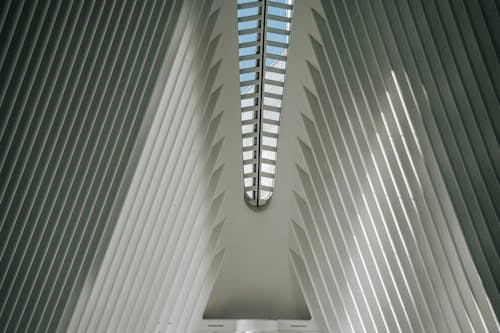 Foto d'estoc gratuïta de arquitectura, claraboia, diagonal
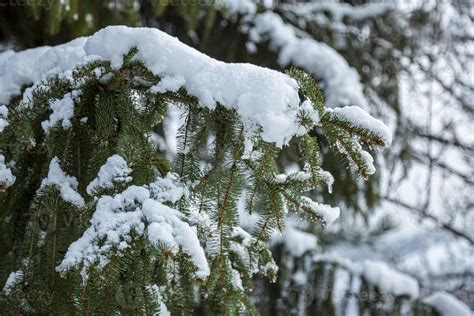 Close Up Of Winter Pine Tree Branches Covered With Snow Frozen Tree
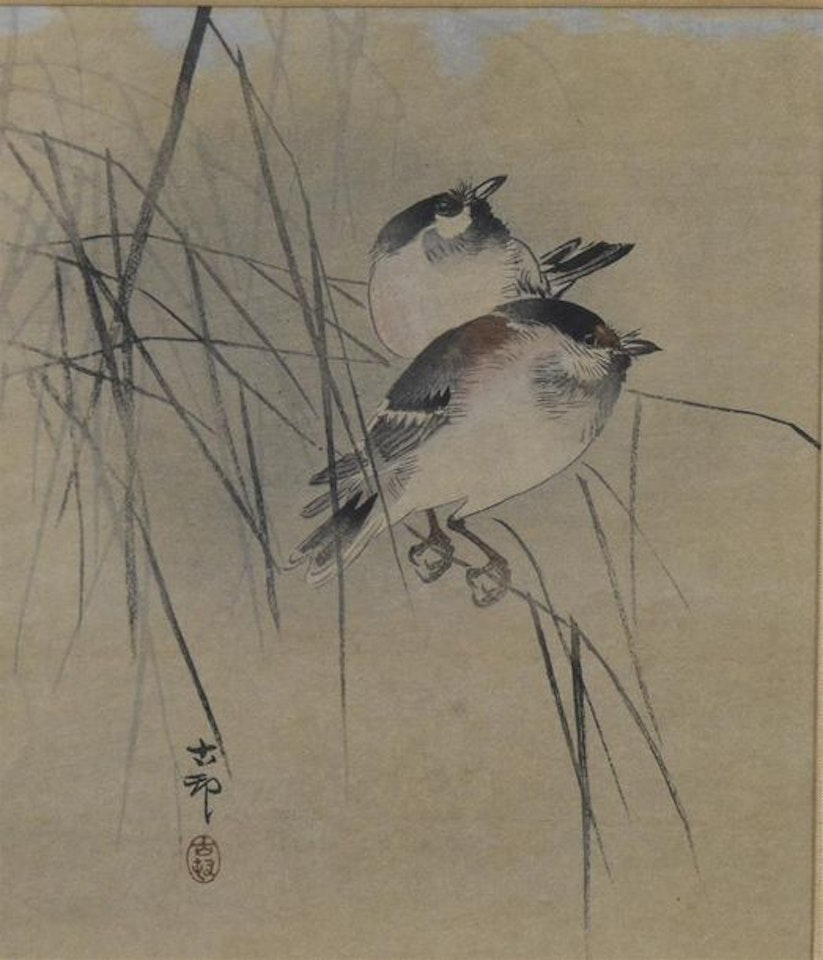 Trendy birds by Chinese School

◇ ◇ ◇ ◇

_PROBLEM TO SOLVE_
Leaving the pictures out, print every line of the listing exactly.

_TASK RESPONSE_
 Foto d'estoc gratuïta de arquitectura, claraboia, diagonal
 Close Up Of Winter Pine Tree Branches Covered With Snow Frozen Tree
 Trendy birds by Chinese School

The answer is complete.